如果说马克思主义哲学是一个文本,那么对这个文本的不同阐释就构成了各个阐释者的不同的马克思主义哲学观。作为一个伟大的马克思主义者,邓小平无疑有着自己对马克思哲学的独到见解。虽然邓小平并没有单独的关于马克思主义哲学的集中论述,但是,邓小平对马克思主义精髓、基本原则、根本方法等方面的理解已经深入到了哲学层面,闪烁着哲学的睿智光芒。这些阐述和理解,构成邓小平独特的马克思主义哲学观。邓小平站在时代发展的高度对马克思主义哲学的解读,既彰显了马克思哲学的特质和真精神,又具有强烈的后现代意蕴。

一、传统马克思主义哲学观的困境和后现代主义的解构

马克思的哲学表现于马克思的著作即文本中,把握马克思的思想,就是要阅读、理解和阐释马克思的著作。
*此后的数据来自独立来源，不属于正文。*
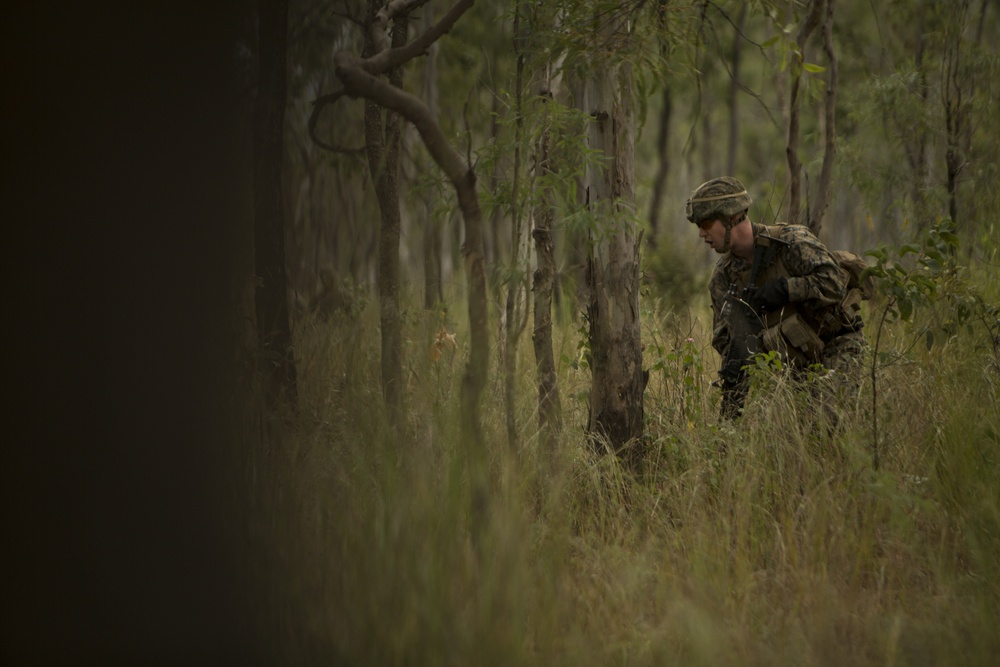 U.S. Marines conduct a squad attack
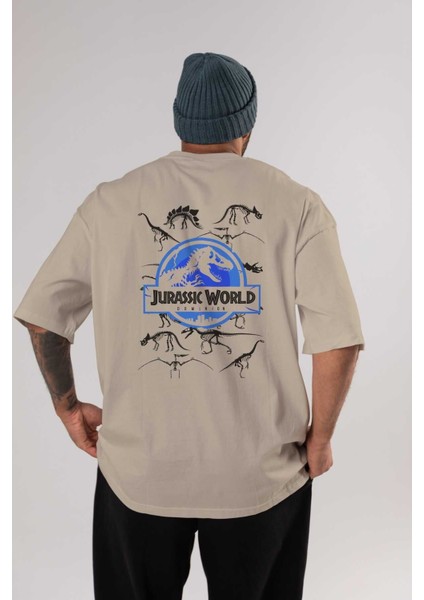 Jurassic Park (5) Arka Baskılı Bej Oversize T-Shirt Bisiklet Yaka Pamuk Erkek Kadın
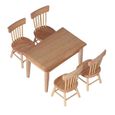 EJ.life table de maison de poupée Meubles de maison de poupée 1 table 4 chaises en bois 1:12 meubles miniatures pour enfants-3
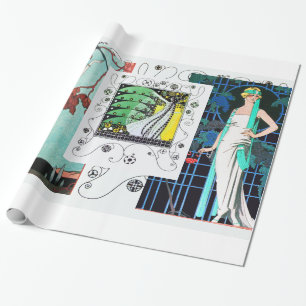 VLUCHTBAAR VOGELS / NACHTE ROOS ART DECO BEAUTY MO CADEAUPAPIER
在马克思之后的马克思哲学理解史上,就呈现出了对马克思哲学理解的多样性局面。我们在这里所谈的传统的马克思主义哲学观,是指斯大林在《辩证唯物主义和历史唯物主义》一书中阐释的马克思主义哲学范式。这种理解范式的核心观点是:马克思吸收了费尔巴哈唯物主义的“基本内核”和黑格尔唯心主义辩证法的“合理内核”,并将两者结合起来,创立了辩证唯物主义,然后将其“应用”和“推广”到社会历史领域,就形成辩证唯物主义和历史唯物主义。其主要观点是:(1)世界是物质的,世界统一于物质,意识是物质的特性和反映。(2)物质是运动的,运动是物质的根本存在方式。(3)物质是在时空中运动的,时空是运动的存在形式。(4)运动是有规律的。(5)认识来源于实践,在实践基础上,人们能够而且可以认识和利用规律。(6)把以上“辩证唯物主义基本原理”运用到社会历史领域,就形成历史唯物主义。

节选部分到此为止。